夢の中で、ぼくはスペインのサラマンカという街を彷徨う。その街はぼくにとって思い出の場所、というか、思い出なんて単語では語りきれないほど、ぼくの人格形成に大きな影響を与えた街なんだ。
その街を、夢の中とはいえ歩いている。幸せなはずだ。しかし、苦しい。あの日を過ごした端の近くのアパート、飲んだくれの友人と入り浸っていた飲み屋、大学、散歩道、カテドラル、すべてにたどり着くことができない。
その土地に帰ったならば絶対に会うはずの恩人にも会えない。プラサマジョールで合流してハグをして一緒にワインで乾杯して、モルーチャ牛の串焼きを食べて、何件かハシゴをして、バカでかいカクテル風のなにかで〆たいのに、会えない。
意識が混濁とするなかで、ひとり歩き続ける。歩き疲れて人目も憚らず泣きじゃくりそうになる。夜だから街灯が涙と被さり視界がゆがむ。諦めかけるタイミングで、ふと目が覚める。

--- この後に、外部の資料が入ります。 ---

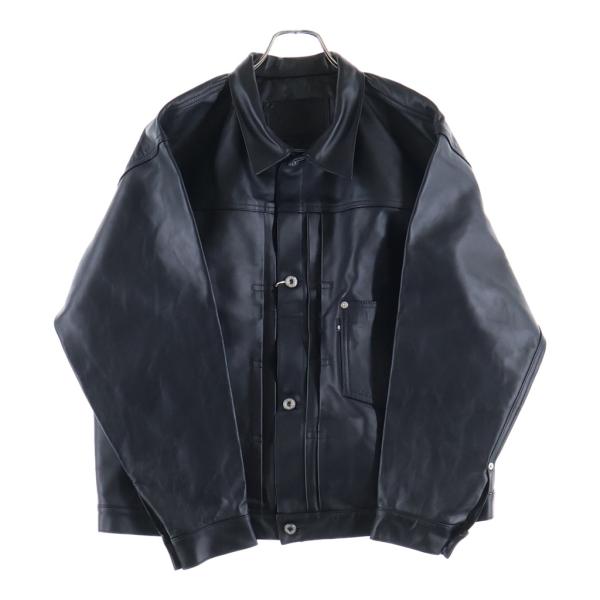 FINDERS KEEPERS ファインダーズキーパーズ 26SS TYPE ONE1942 T-BACK タイプワン ティーバック レザージャケット ブラック 2521109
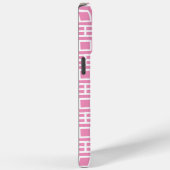 Preppy Vierkant Lattice Monogram – Roze & Limoen Case-Mate iPhone Case (Achterkant / Rechts)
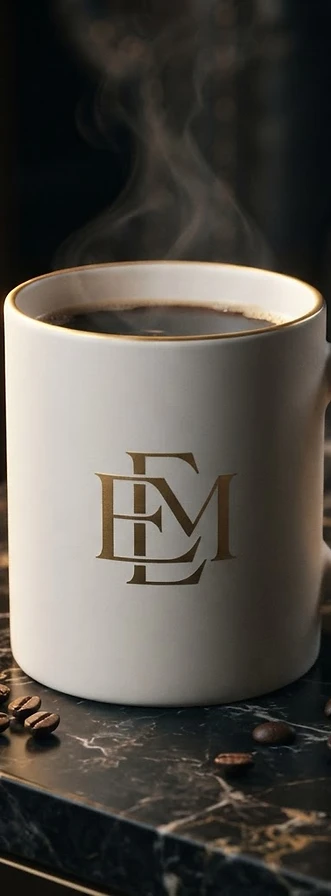 Custom full-color ceramic mug printed with a customer logo — Signature Sip custom mug printing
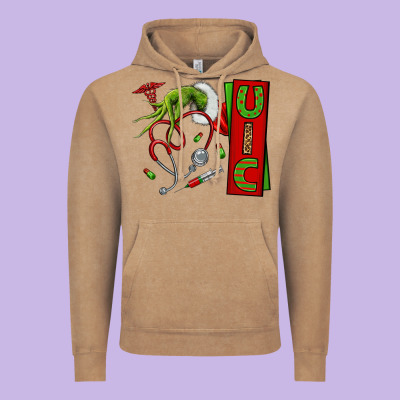 Christmas Character Vintage Hoodie Designed By Nancycooperartshop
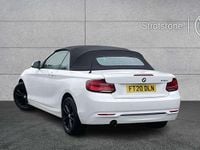 Used BMW 218 Sport Line 190 HP (139 kW) 2020 White Cabriolet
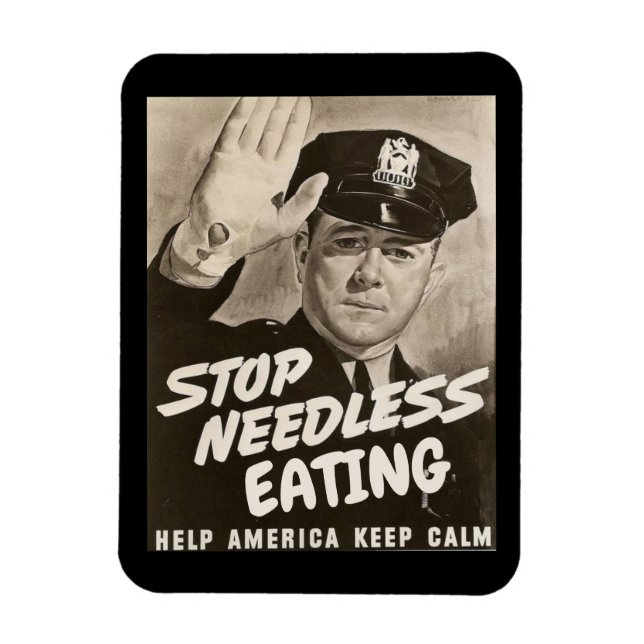 Íman Parar de comer (Vertical)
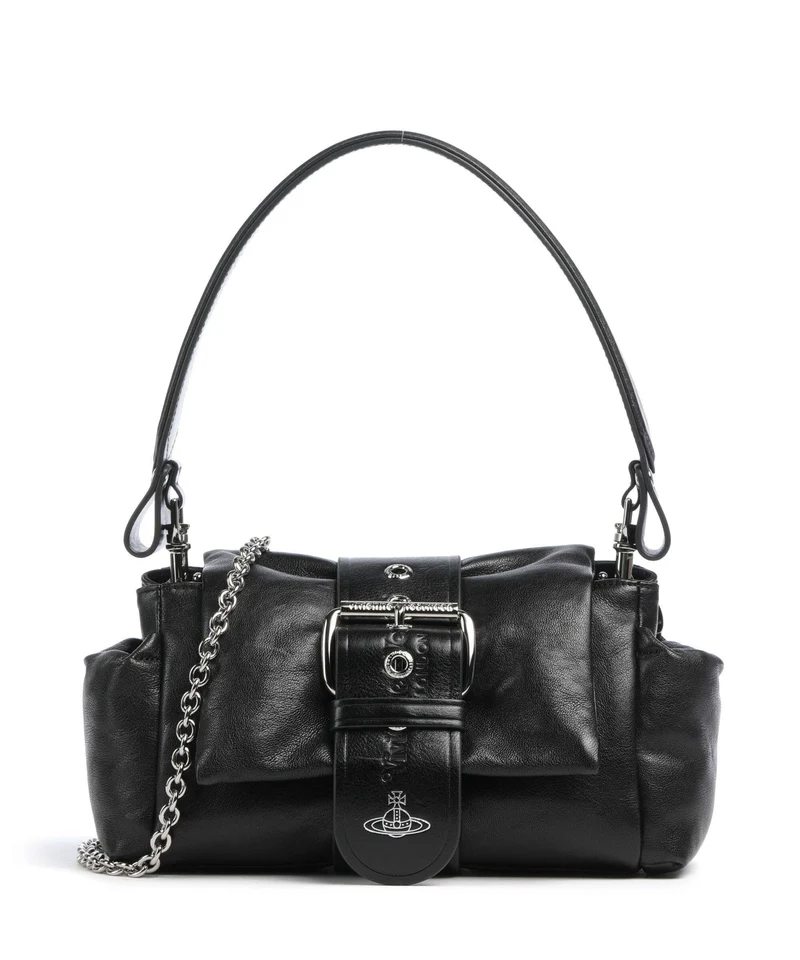 Vivienne Westwood Hazel Treasure Supple Borsa a spalla black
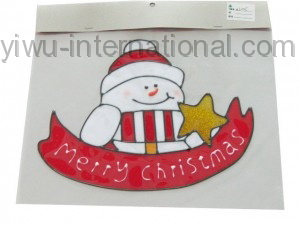 L005 snow man sticker photo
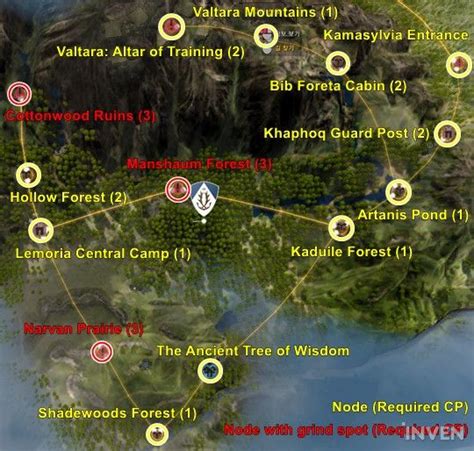 BDO Guide: Sights around Kamasylvia and how to reach the nodes - Inven ...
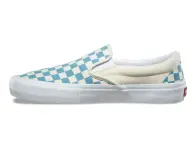 Vans "Slip-On Pro" Schuhe - Checkerboard Adriatic Blue/White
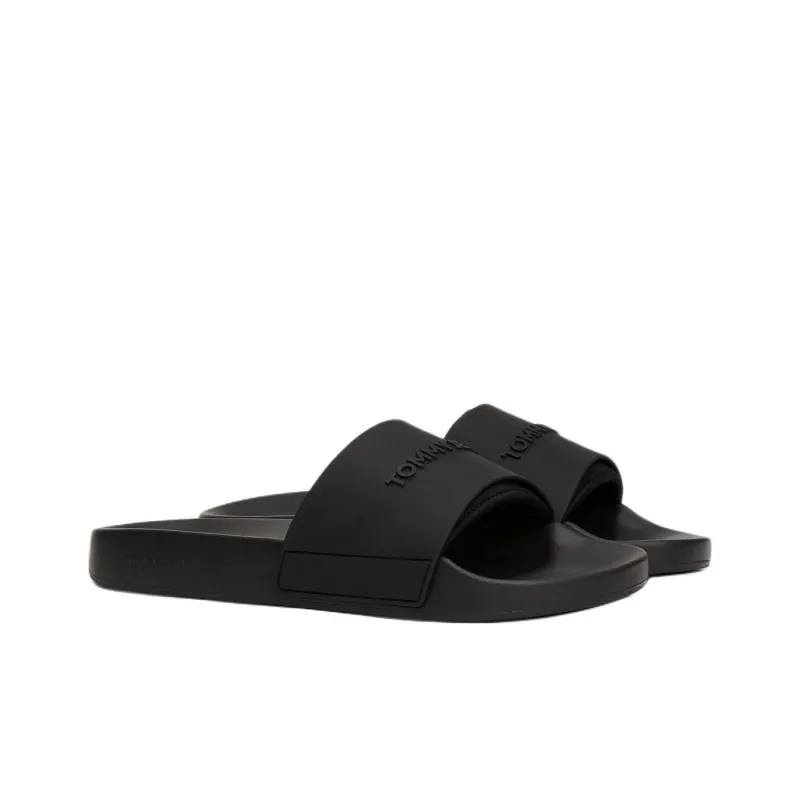 Tommy Hilfiger Slide Slippers Men's Black-1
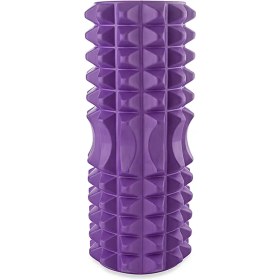 تصویر فوم رولر آجدار گلدن استار طول 33 سانتی متر مدل Golden Star Foam Rollers|بنفش 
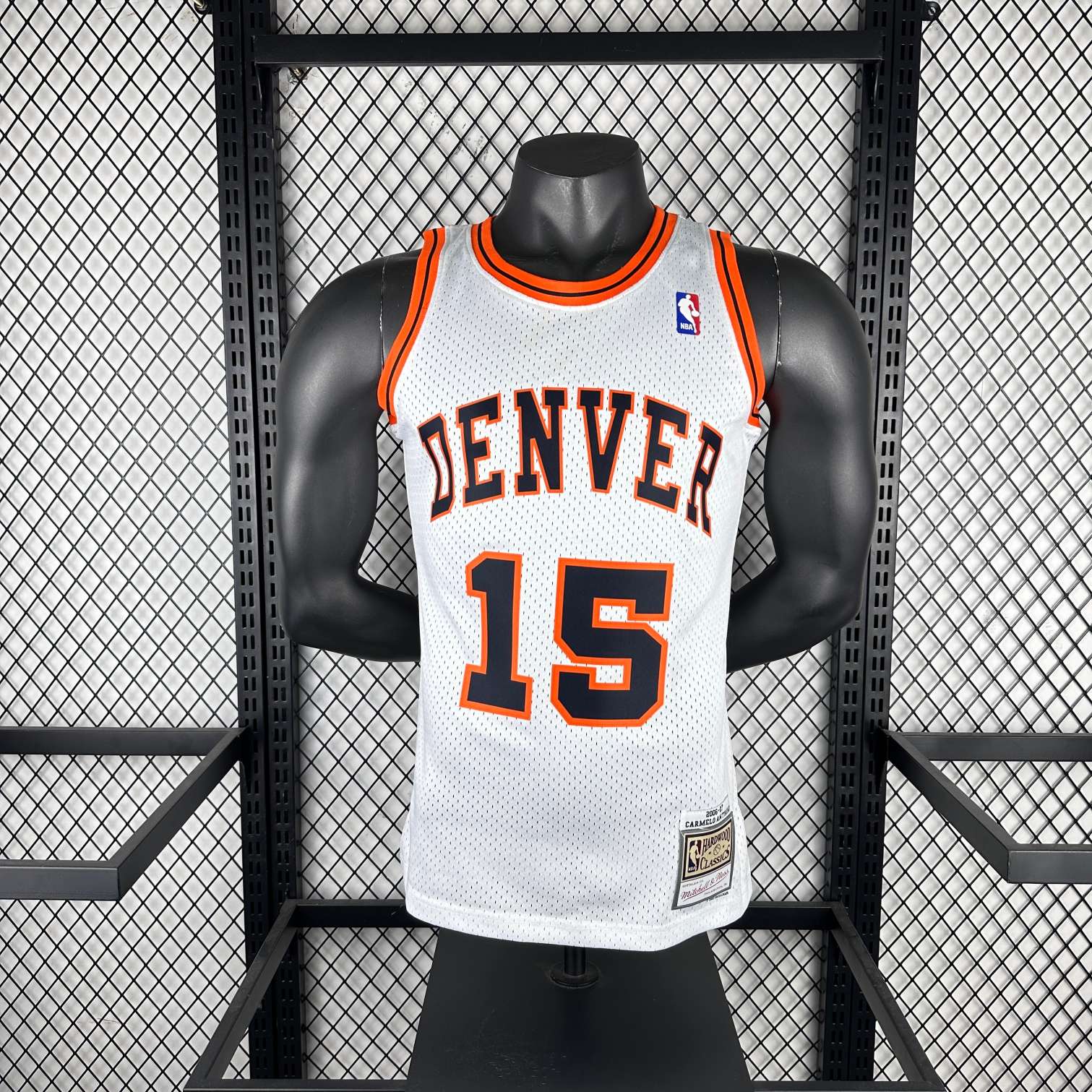M&N Retro Swingman Jersey Denver Nuggets 2006-07 Season ABA Retro Night #15 Carmelo Anthony - Image 1 M&N Retro Swingman Jersey Denver Nuggets 2006-07 Season ABA Retro Night #15 Carmelo Anthony - Image 1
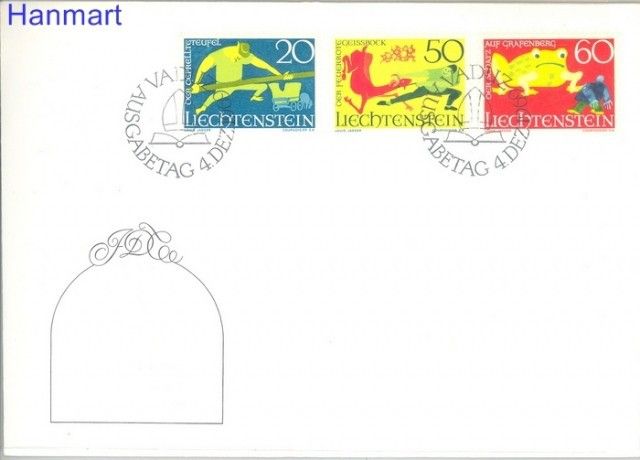 Znaczek Liechtenstein 1969 Mi 518-520 FDC
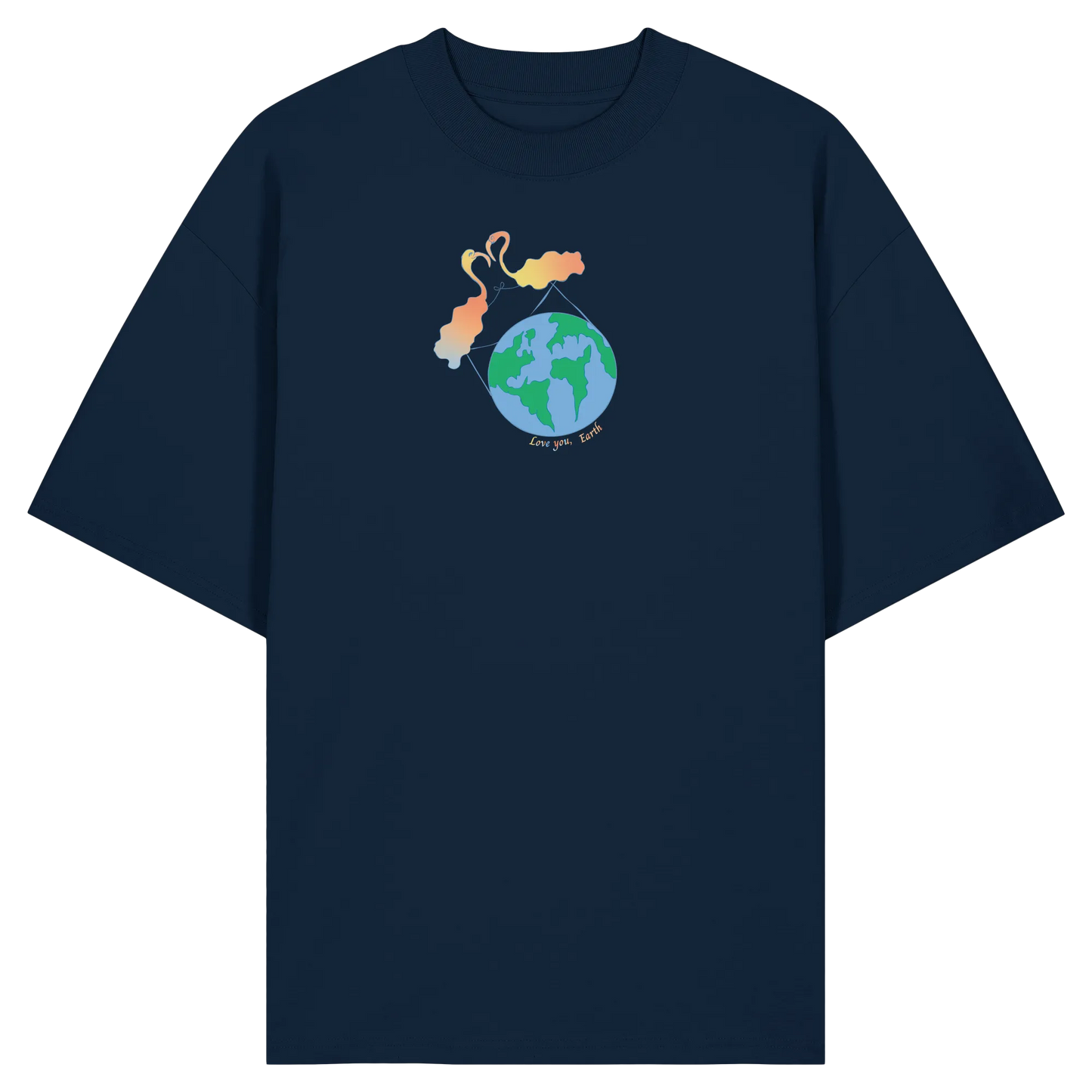 Love you Earth! - Organic Oversize Shirt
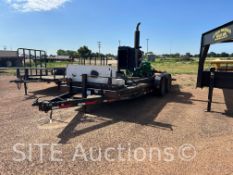 6 in Pump mounted with Deere motor on trailer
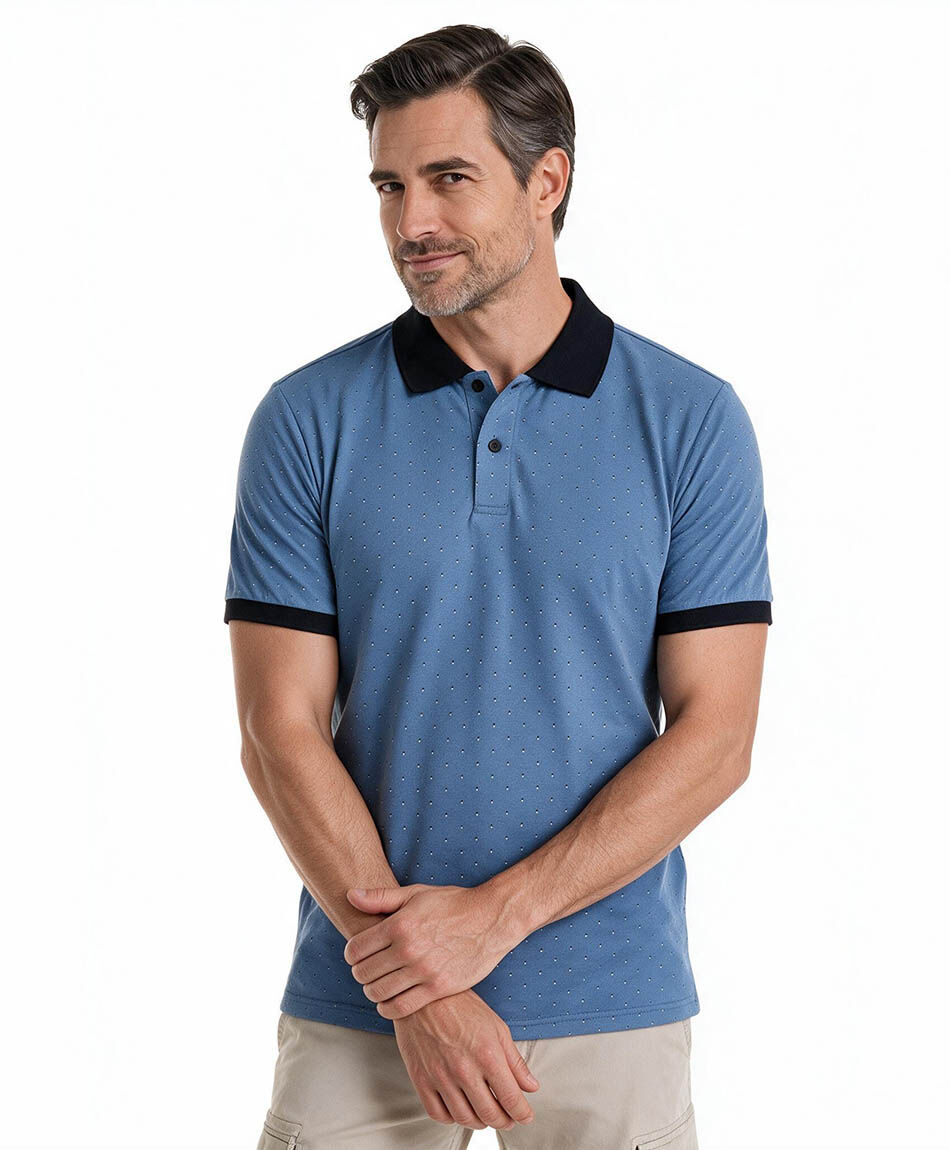 Polera hombre polo puntos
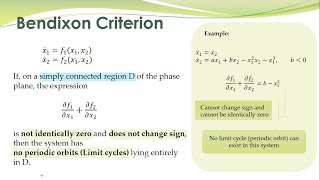 NCS - 09b - Nonexistence of limit cycles using Bendixon Theorem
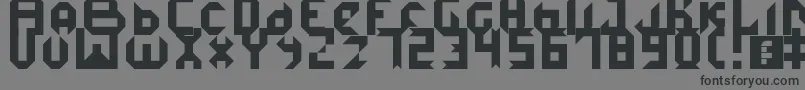 フォントIceDemon – 黒い文字の灰色の背景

この夢がなにを表しているのかはわからない。でも、ひとつだけ言えることがある。それはいまのぼくも、目的がわからず彷徨うような人生の途次にいる。
どこかあの街にさえ戻れば、人生をやり直せる、人生が好転する、生命のトルクが回り始めると、心のなかで思う自分に、あの街は軽く頬をつねってくれているのかもしれない。「もう少しだけ、頑張れ。いまのお前にこの街は似合わない」と。